- Genre: Telenovela
- Created by: Cassiano Gabus Mendes
- Starring: Lima Duarte Sílvia Pfeifer José Mayer Yoná Magalhães Cássio Gabus Mendes Lídia Brondi Marcos Paulo Thales Pan Chacon Luciana Braga Lizandra Souto Armando Bógus Nívea Maria Guilherme Karan Adriana Esteves Mylla Christie Ariclê Perez Fábio Assunção Vera Zimmermann
- Opening theme: "Meu Bem, Meu Mal"
- Composer: Marcos André
- Country of origin: Brazil
- Original language: Portuguese
- No. of episodes: 173

Production
- Running time: 60 minutes

Original release
- Network: TV Globo
- Release: October 29, 1990 – May 18, 1991

Related
- Rainha da Sucata; O Dono do Mundo;

= Meu Bem, Meu Mal =

Meu Bem, Meu Mal (My Good, My Evil in English) was a Brazilian telenovela produced by TV Globo, October 29, 1990 to May 18, 1991, in 173 episodes.

== Plot ==
The telenovela depicts Lázaro Venturini, majority shareholder of Venturini Designers, who is forced to live with Ricardo Miranda, who holds 30% stake in the company and had an affair with his late wife, Maria Helena. Ricardo also holds a secret affair with Isadora Venturini (also a shareholder), the widow of Claudius, son of Lázaro, and hated by the patriarch. Both Ricardo and Isadora are victims of others' hatred.

Ricardo was responsible for the ruin of Philip.
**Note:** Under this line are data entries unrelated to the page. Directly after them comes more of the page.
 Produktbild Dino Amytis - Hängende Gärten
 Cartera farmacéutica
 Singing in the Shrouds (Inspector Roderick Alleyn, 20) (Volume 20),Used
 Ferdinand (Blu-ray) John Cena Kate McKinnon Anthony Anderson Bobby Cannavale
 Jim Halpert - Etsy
His daughter, Patricia, plans revenge and becomes involved with Ricardo, even though much younger than he and a friend of his troubled daughter, Jessica.
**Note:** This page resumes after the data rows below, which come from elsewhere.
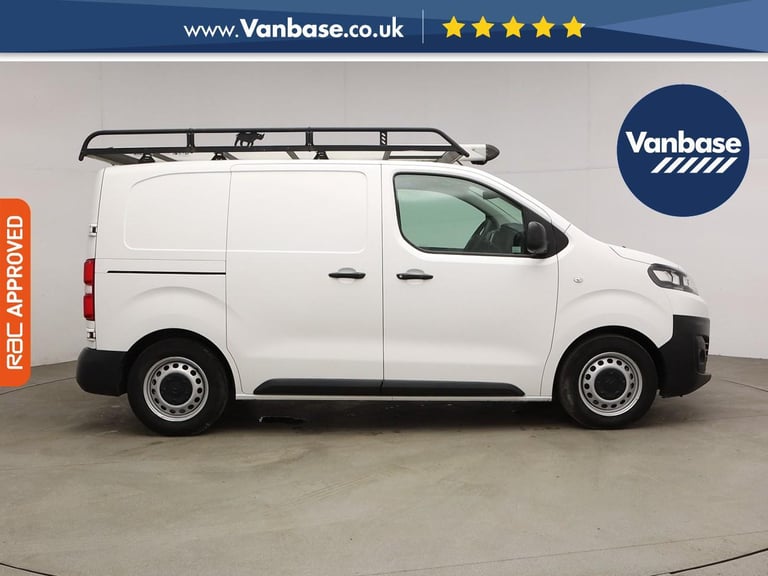 image for 2020 Citroen Dispatch 1.5 BlueHDi 1000 Enterprise XS Panel Van 6dr Diesel Manual FWD 1 Euro 6 (s/...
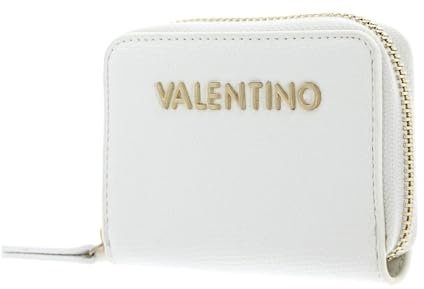 Valentino Montmartre RE VPS7QG139 Zip Around Wallet, Farbe: Weiß, Weiß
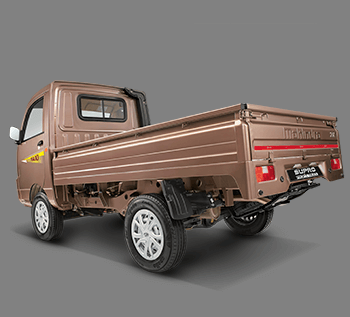 Mahindra Supro Profittruck Maxi Side View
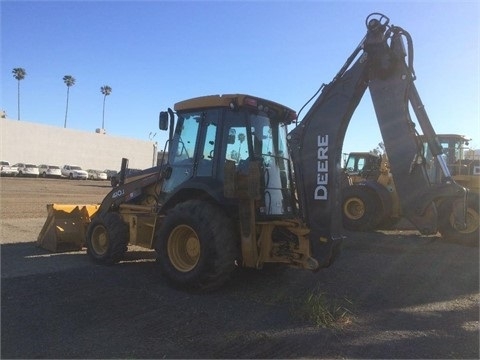 Retroexcavadoras Deere 410J en buenas condiciones Ref.: 1430187087522806 No. 3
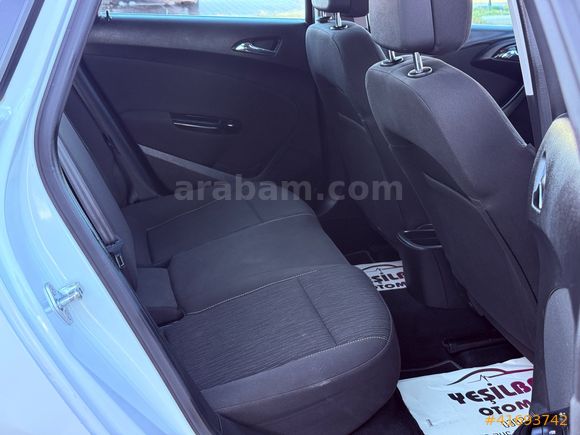 2016 ASTRA 1.6 EDT.PLS **HATASIZ ** 139 BİN KM **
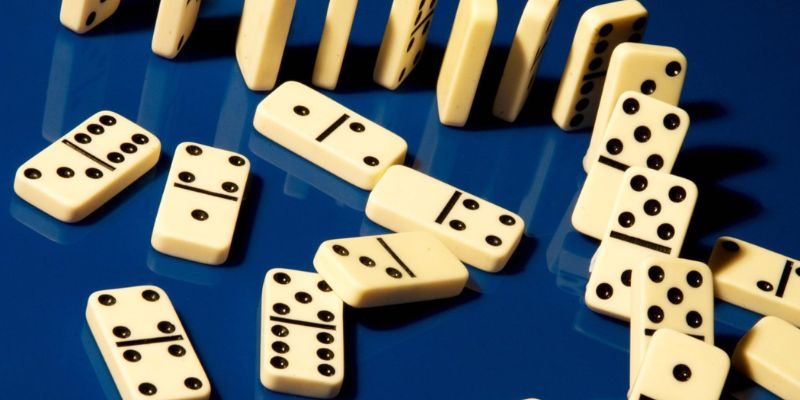 Tìm hiểu về nguồn gốc về game Domino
Isadora joins socialite Mimi Toledo and her manicurist, Berenice. Toledo was in love with the late husband of Isadora. Berenice wants to avenge her daughter, Fernanda's, humiliation imposed by Isadora, who did not accept the girl as his son's girlfriend. Doca is a poor boy who infiltrates high society as Eduardo Costabrava, and is madly in love with Victoria, Isadora's daughter.

== Cast ==

| Actor | Character |
|---|---|
| Lima Duarte | Dom Lázaro Venturini |
| Sílvia Pfeifer | Isadora Venturini |
| José Mayer | Ricardo Miranda |
| Yoná Magalhães | Valentina Venturini |
| Cássio Gabus Mendes | Doca (Eduardo José Gentil da Silva) / Eduardo Costabrava |
| Lídia Brondi | Fernanda Castro |
| Jorge Dória | Emílio Marques |
| Nívea Maria | Berenice Marques Castro |
| Luciana Braga | Dirce Aparecida Alves |
| Armando Bogus | Felipe Brandão de Mello |
| Thales Pan Chacon | Henrique Paiva |
| Ísis de Oliveira | Maria Isabel Raposo Toledo (Mimi Toledo) |
| Mila Moreira | Bianca Paiva |
| Françoise Forton | Marcela Miranda |
| Marcos Paulo | André Manfrini |
| Zilda Cardoso | Elza Gonçalves Gentil |
| Ariclê Perez | Rosa Maria/Maria Helena Venturini |
| Lizandra Souto | Victória Venturini |
| Guilherme Karan | Porfírio Tavares |
| Mylla Christie | Jéssica Miranda |
| Luma de Oliveira | Ana Maria |
| Adriana Esteves | Patrícia Ferraz de Mello |
| Fábio Assunção | Marco Antônio Venturini |
| Vera Zimmermann | Divina Magda |
| Sônia Clara | Angelina |
| Edson Fieschi | João Manuel |
| Marcelo Galdino | Jorge |
| Monique Alves | Luciana |

==Crossover with Ti Ti Ti==
One of the most famous characters in Meu Bem, Meu Mal, Divina Magda (played by Vera Zimmermann) returned in the 2010 telenovela Ti Ti Ti, as a recurring character and an ally of one of the protagonists, Jacques Leclair (played by Alexandre Borges).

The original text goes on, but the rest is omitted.